Let me tell you about my dear Juju, it’s an unconventional friendship of sorts. Her daughter was my student for three years while I was teaching high school. An exceptional student who was very successful, and I did not have much interaction with her parents. I saw them around the school because they were so involved, but nothing major. A few years after she graduated I was expecting my first child in September. If you have ever visited the South in the summer you know it is H O T - and when you are pregnant it is REALLY HOT. I think I ran into her daughter and she invited me over to swim one afternoon. Honestly, I don’t even remember how I got there that afternoon, I was simply a girl, who was in search of a pool to cool off in the summer heat. That afternoon something happened and Julie and I connected like we had never before. She was jumping out of her skin excited that I was having a baby girl and I think I saw her every other day that summer. The night before my daughter was born, Ken and I went to a Stevie Wonder concert with her and her husband and I guess I sang and danced that baby right out of me.

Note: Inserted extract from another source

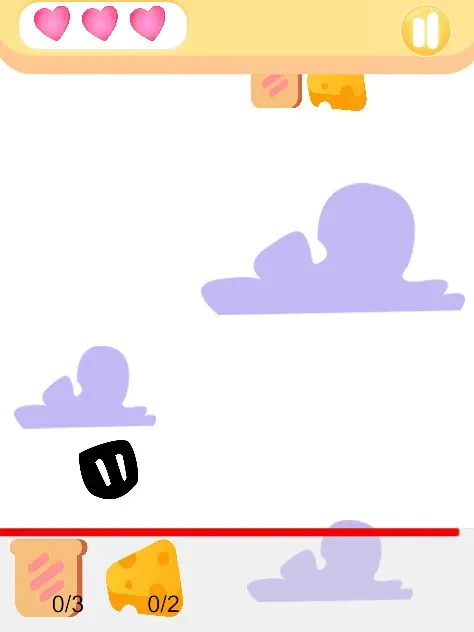 Скриншот 1 к игре Sweet honey: Cake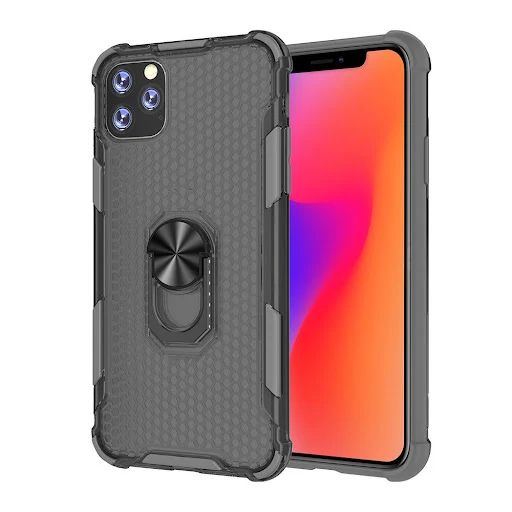 Title 5, Magnetic Car Mobile Phone Case Back Cover provi...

After that night, my daughter came and I entered into motherhood. Juju was an empty nester at that point, but much like me, has a strong desire for deep friendships. When I say she was a champion for me during those early months believe she was there for me. I think she brought me lunch three or four times a week, rocked the baby, held the baby, took my phone calls at 11:00 at night when I was tired and scared and had nothing left. No matter what she cheered me on and pushed me towards Jesus. It did not matter the time of day, if I needed it she literally dropped everything and came to my rescue. As I look back on that time, I am so humbled that she served me in ways I didn’t even know I needed.
You see, her heart is as big as Jupiter, and she is fiercely loyal and kind. A shy person who would never in a million years draw attention to herself, BUT if you are on her team - you aren’t leaving and she leaves a trail of love (and goodies) behind everywhere she goes. Let me share with you how well she loves her people - my family receives a batch of her AMAZING sugar cookies (maybe she will let me share her recipe) every holiday. Literally. Every. Holiday. If I am not home there is a plate on our front porch and a voicemail of her saying, “I made a cookie drop today!” When our show premiered she dropped an entire batch of cookies cut out in the shape of houses! She has hosted a gingerbread house party at her house for us since my first baby’s Christmas - a tradition my kids live for. As I mentioned earlier she has made them ornaments every year at Christmas, she NEVER misses my birthday and always makes it a special day. She has sacrificed her time and energy to make every big and little event in my life a big deal. She loves my kids as her own and me unconditionally. She taught me to sew, the importance of tradition and a love for creating hand made things for my family.
I would have never guessed that summer day that such a strong friendship would be born. We are opposite personalities, different stages of life, different backgrounds, we look different, I love to command a room and she would rather eat dirty socks, she follows recipes to a T and I, well, I just wing it. We are opposite in so many ways, yet our hearts are so connected. There’s something about being loved and accepted for who you are at face value. The beautiful things and the ugly things. To have someone who would stand by you in any situation and be a soldier by your side. I love that she is older than me and has experienced things that I haven’t yet, and provides wisdom from her own experiences. I guess as I sit here by my tree tonight, I am reminded and thankful at the power of friendship. It’s not about what we do, rather its being available and willing to share in whatever life brings along the way. My family and I have been so blessed by her generous love and care and can honestly say that summer day we gained more than new friends, but family.